Néanmoins, les préoccupations sociales de l’auteur donnent lieu à d’intéressantes réflexions, notamment sur le statut juridique des animaux, domaine du droit en pleine expansion. En effet, après avoir enfin reconnu à l’ensemble des êtres humains, indépendamment de leur race, de leur sexe ou de toute autre caractéristique personnelle, le statut de « personne » aux yeux de la loi, combien de temps encore le droit fera-t-il la sourde oreille aux revendications forts légitimes avancées par les défenseurs des innombrables espèces vivantes non-humaines qui peuplent notre planète ? Au moment où des villes de la Californie accordent le statut de « citoyen » aux dauphins et autres cétacés qui nagent au large de leurs côtes, où l’utilisation des animaux à des fins expérimentales est sérieusement remise en question, et où d’éminents juristes américains suggèrent de reconnaître la qualité de « personne juridique » à des entités naturelles comme un arbre ou une rivière, l’idée de revoir en profondeur les rapports entre humains et animaux (« non-humains ») revêt une importance grandissante.

La course contre la montre que se livrent dans le roman écologistes et chasseurs en vue d’atteindre les premiers la dernière baleine symbolise évidemment la lutte constante que se livrent les différents groupes et tendances en vue d’influencer l’évolution de nos sociétés et de s’emparer de l’imaginaire des nouvelles générations.

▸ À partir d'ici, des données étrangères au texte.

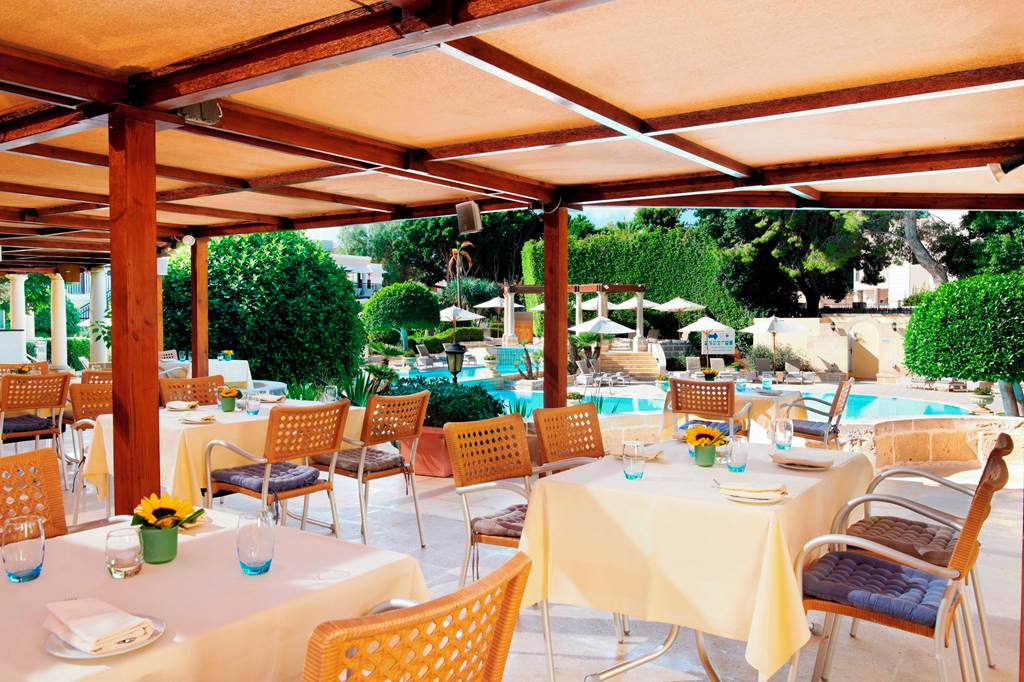 MLA_73646_Corinthia_Palace_Hotel_&_Spa_0724_07.jpg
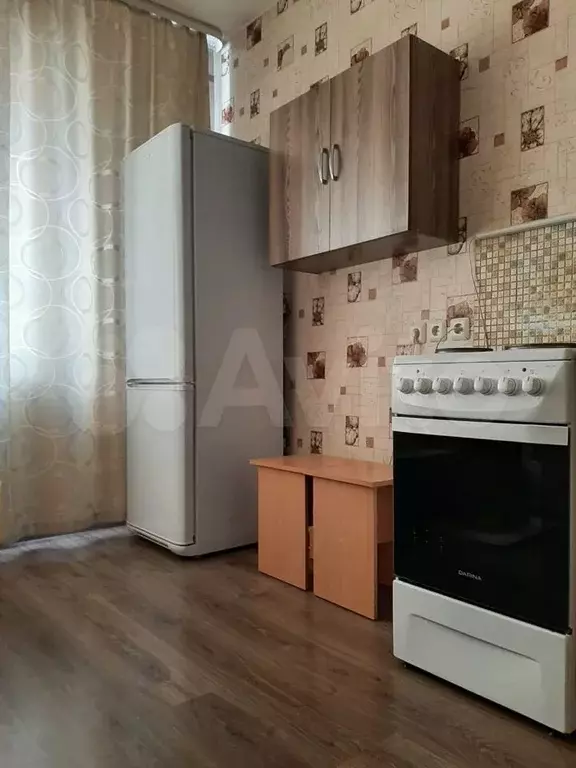 2-к. квартира, 48,5м, 2/3эт. - Фото 0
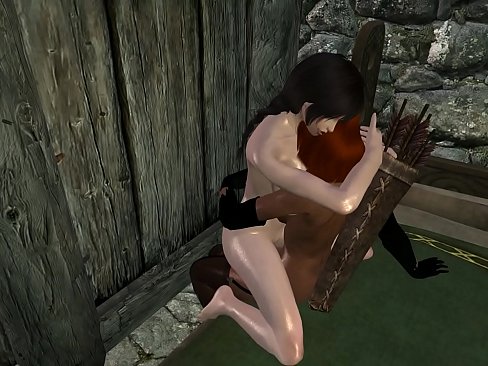 ❤️ ar wyliau,a defnyddio cyrff actorion uchafswm tsbbe ac unpe, succubus a Nord Fideo rhyw ar cy.com-porn-hat.ru ❌️❤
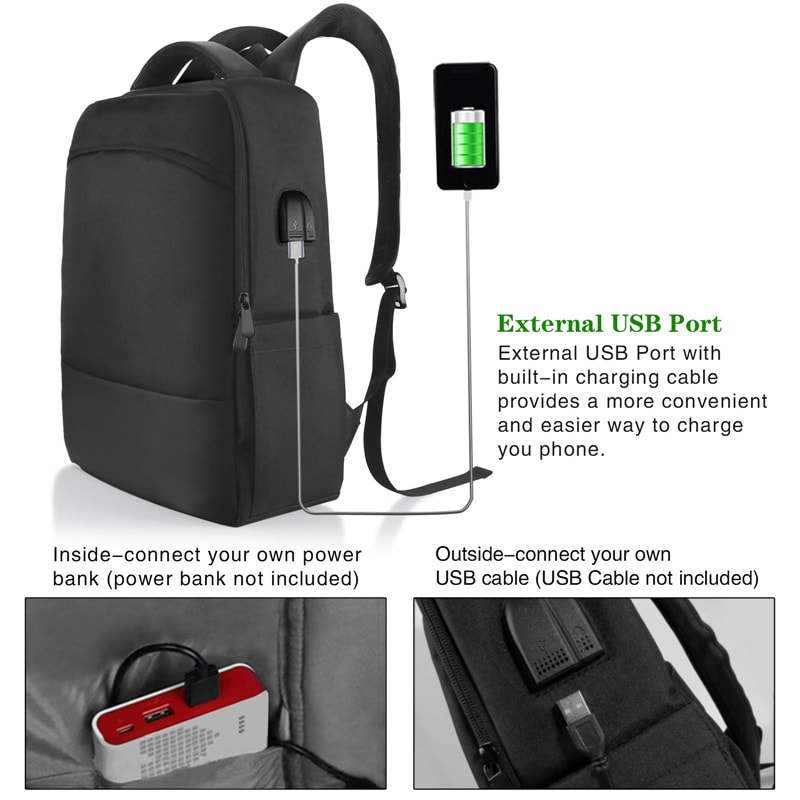 Black-Laptop-Backpack-4.jpg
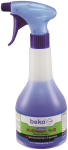 BEKO Universalreiniger           2992503 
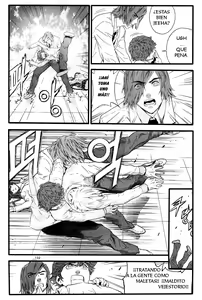 Page 120 of Veritas Vol 09 - preview thumbnail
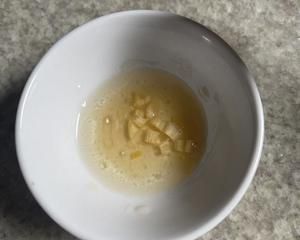 輕斷食：完美瘦身的腸道革命之健康午餐便當(dāng)食譜植物營(yíng)養(yǎng)素爆彈午餐盒的做法 步驟1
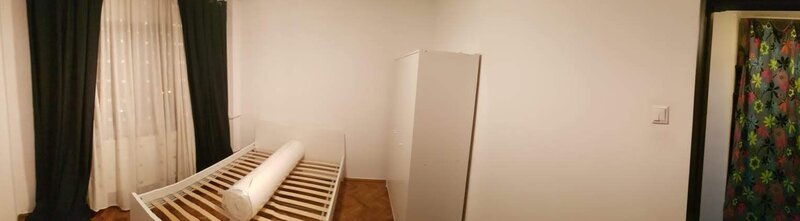 Piata Sudului, Soseaua Oltenitei, Mega Image Concept Store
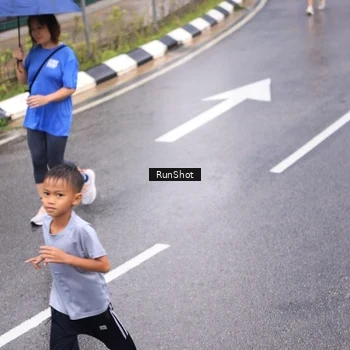 Runner Photo 7941091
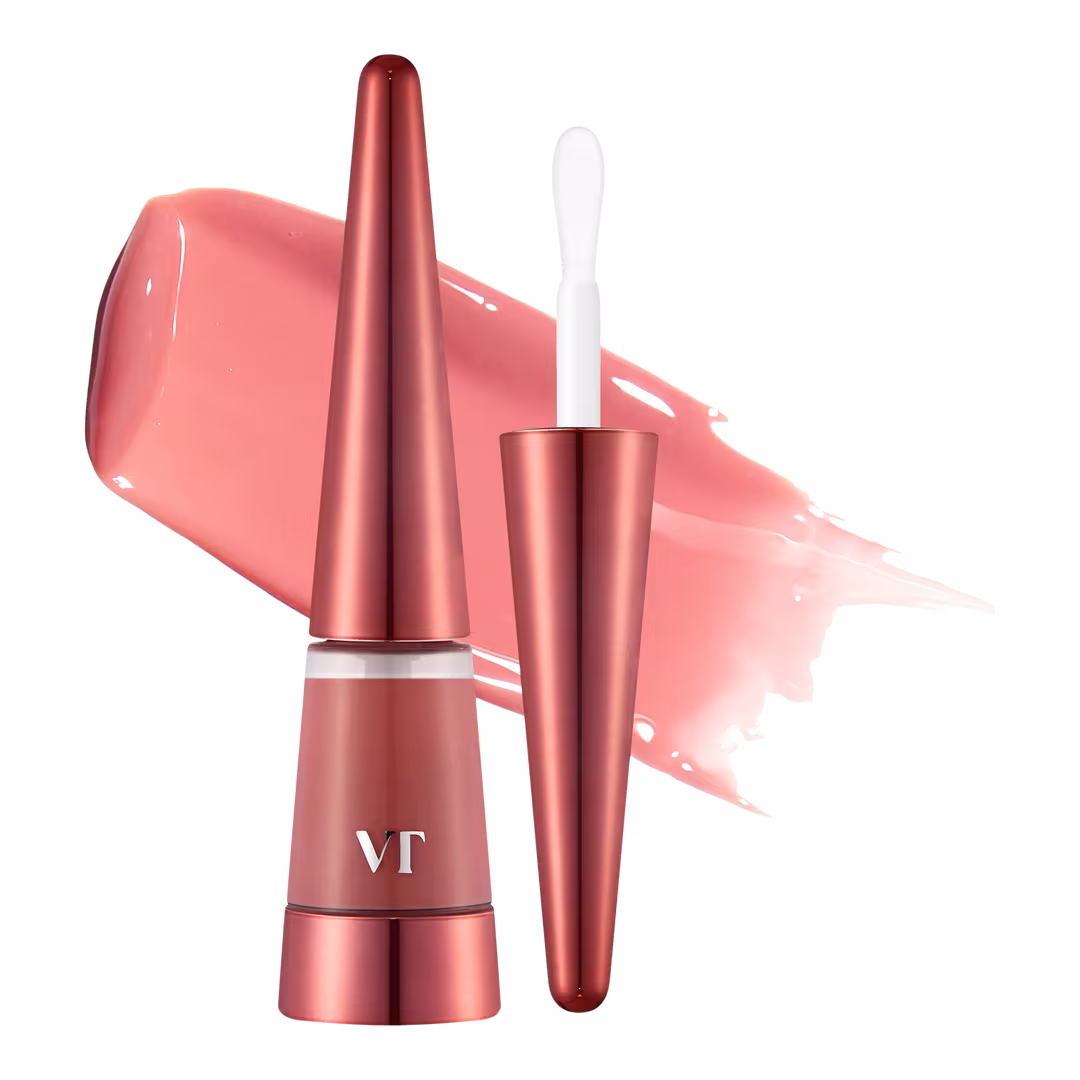 VT Cosmetics  Reedle Shot Lip Plumper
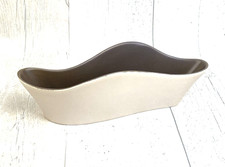 Poole Pottery Freeform C54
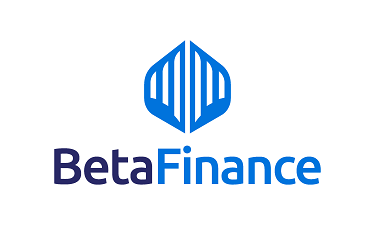 BetaFinance.com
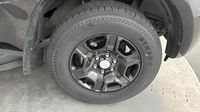 Ford Ranger 3.2 TDCi 200ch Double Cabine Limited Black Edition BVA — photo 20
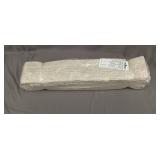 Land honor webbing sling 4 ton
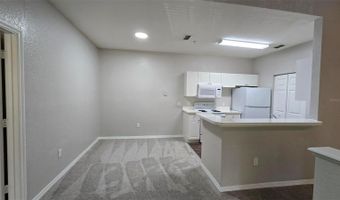 845 GRAND REGENCY Pt 201, Altamonte Springs, FL 32714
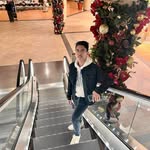 Vincent Espinosa - @vincent_aar0n - Instagram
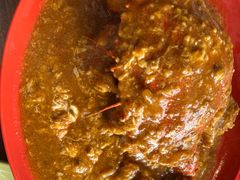 -东海岸人工湖美食村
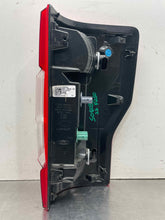 Load image into Gallery viewer, Tail Lamp Light  FORD F350SD PICKUP 2022 - NW621597
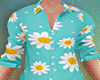 ♠Sunnyday Shirt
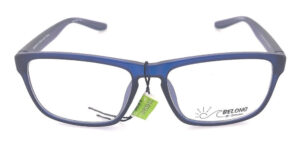 Anteojos Armazon Marcos Lentes Dynamo 432 Receta Tr90 Moda - Imagen 3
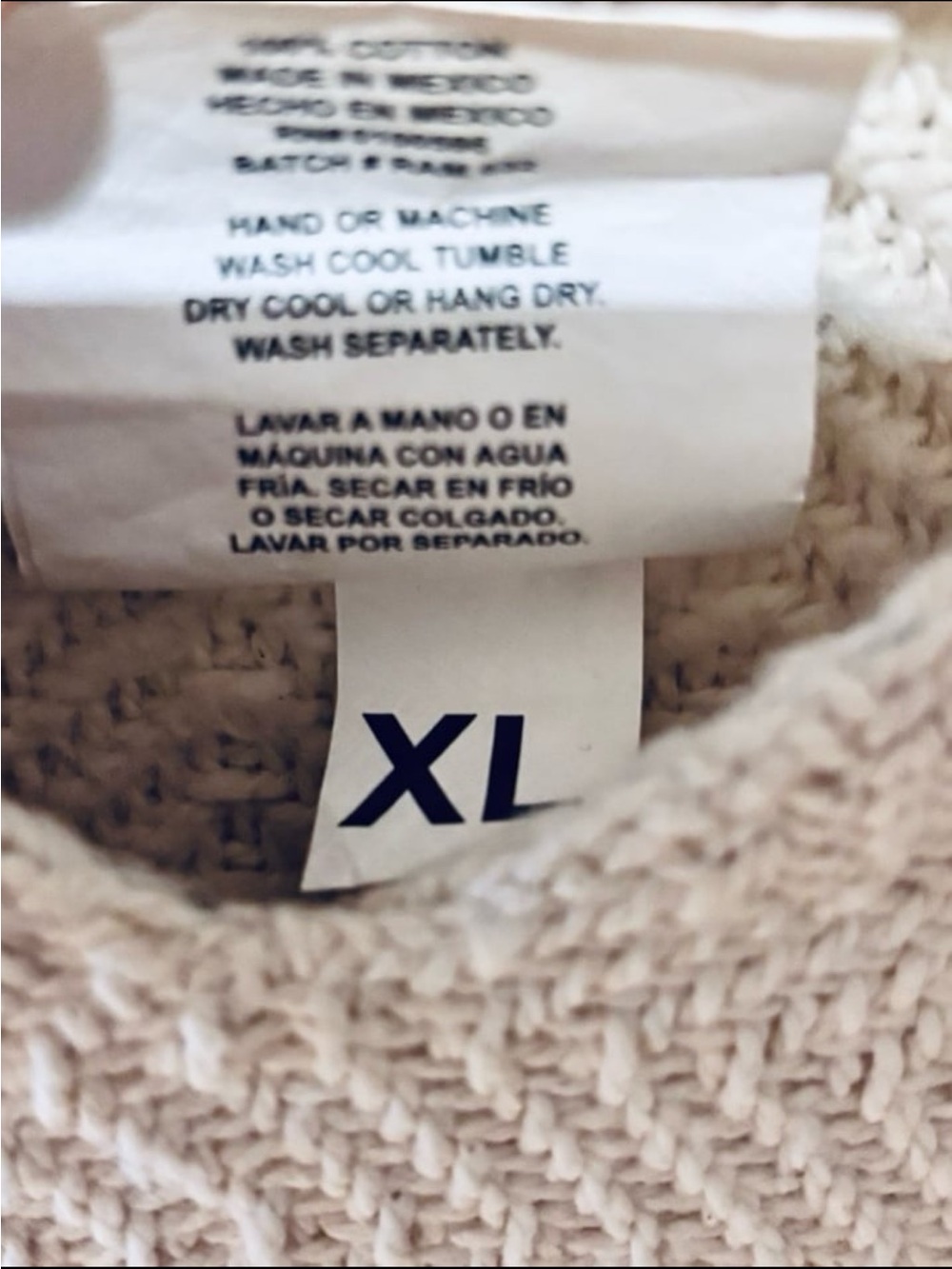 GRATEFUL DEAD BAJA Hoodie - Picture 7 of 11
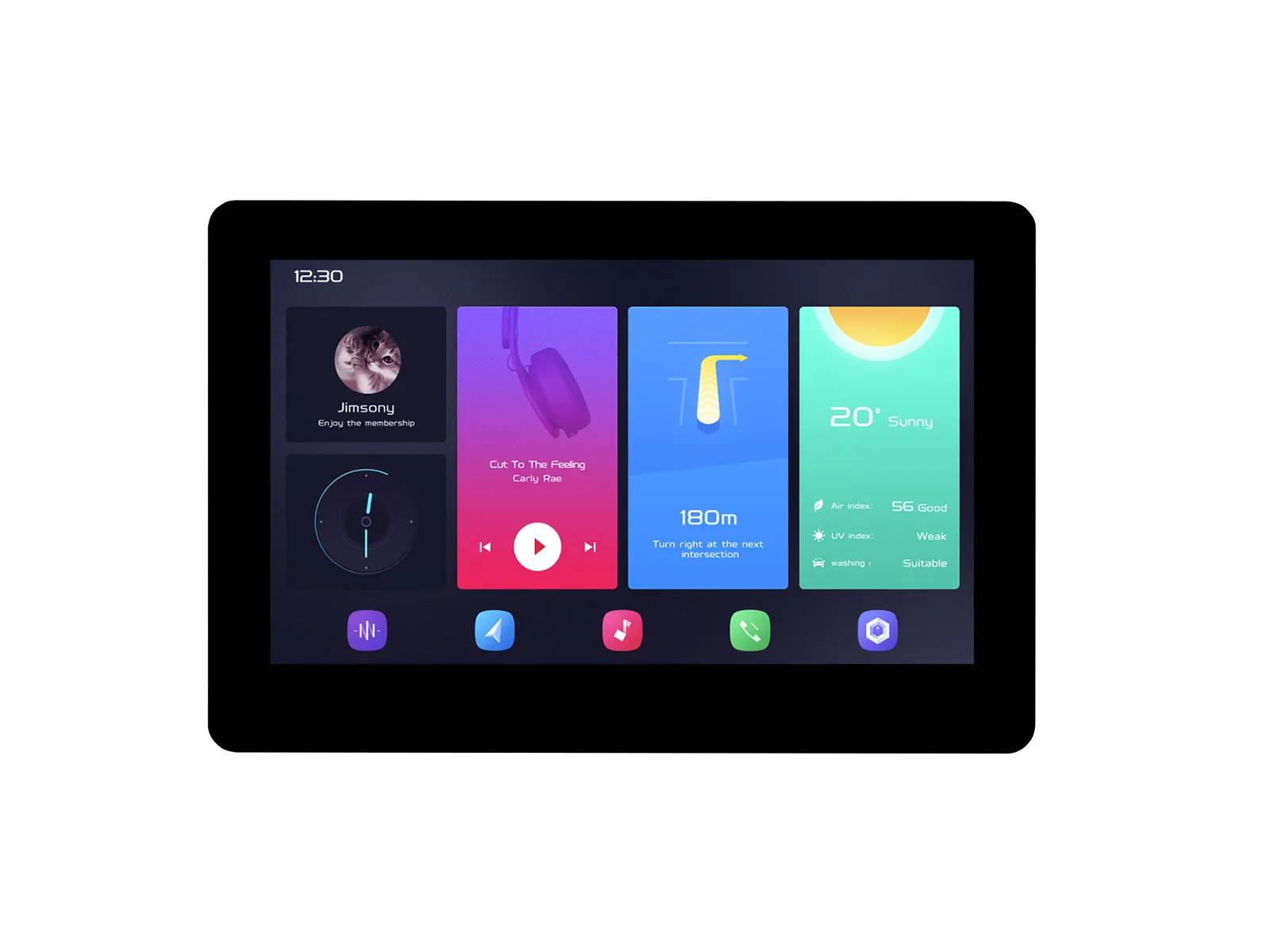 ESP32-S3-Touch-LCD-4.3B-produce-logo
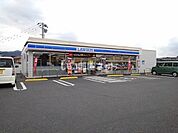 【コンビニエンスストア】セブンイレブン 日田玉川バイパス店まで1313ｍ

À travers la lutte pour l’émancipation des animaux, l’auteur se permet ainsi de revenir sur les mouvements et moments qui, tout au cours de l’histoire de l’humanité, ont marqué et encouragé la reconnaissance de l’égalité des peuples, des races et des sexes. La poésie n’est toutefois pas totalement absente de l’écriture de Francis Dupuis-Déri, et la lente dérive vers le rêve vécue par les membres de l’équipage du Moby Dick, de plus en plus isolés alors même qu’ils se rapprochent de la baleine, est soulignée par une écriture soudain empreinte d’onirisme et d’une sensibilité absente jusque-là. L’état de grâce de ces quelques humains au moment de leur rencontre avec la baleine, dernier symbole d’un monde disparu ou sur le point de l’être, est ainsi évoqué avec un doigté surprenant. La grâce se transformera toutefois bien vite en cauchemar, et c’est dans ces quelques pages que se révélera enfin le talent d’écrivain de Francis Dupuis-Déri, un talent susceptible d’être encore raffiné, mais néanmoins pleinement capable d’aspirer le lecteur dans un tourbillon d’émotions intenses et de créer des images inoubliables, où s’entremêlent une musique de piano et le fracas des vagues, le bruit sourd d’un canon et la plainte silencieuse de la dernière baleine.

L’Erreur humaine souffre de nombreux et sérieux défauts. Néanmoins, dans les derniers chapitres, l’auteur parvient pour un court instant à surmonter ses maladresses stylistiques du début, pour enfin offrir au lecteur une écriture riche et imagée, qui fait à la fois pardonner et regretter le manque de rigueur précédent. Francis Dupuis-Déri termine son roman sur une note d’espoir, mais un espoir ambigu. Je ferai donc de même à son sujet, et attendrai son prochain ouvrage avant de porter un jugement définitif sur ses qualités d’écrivain. Après tout, qui sait, peut-être parviendra-t-il à découvrir une nouvelle baleine ? Il le faut.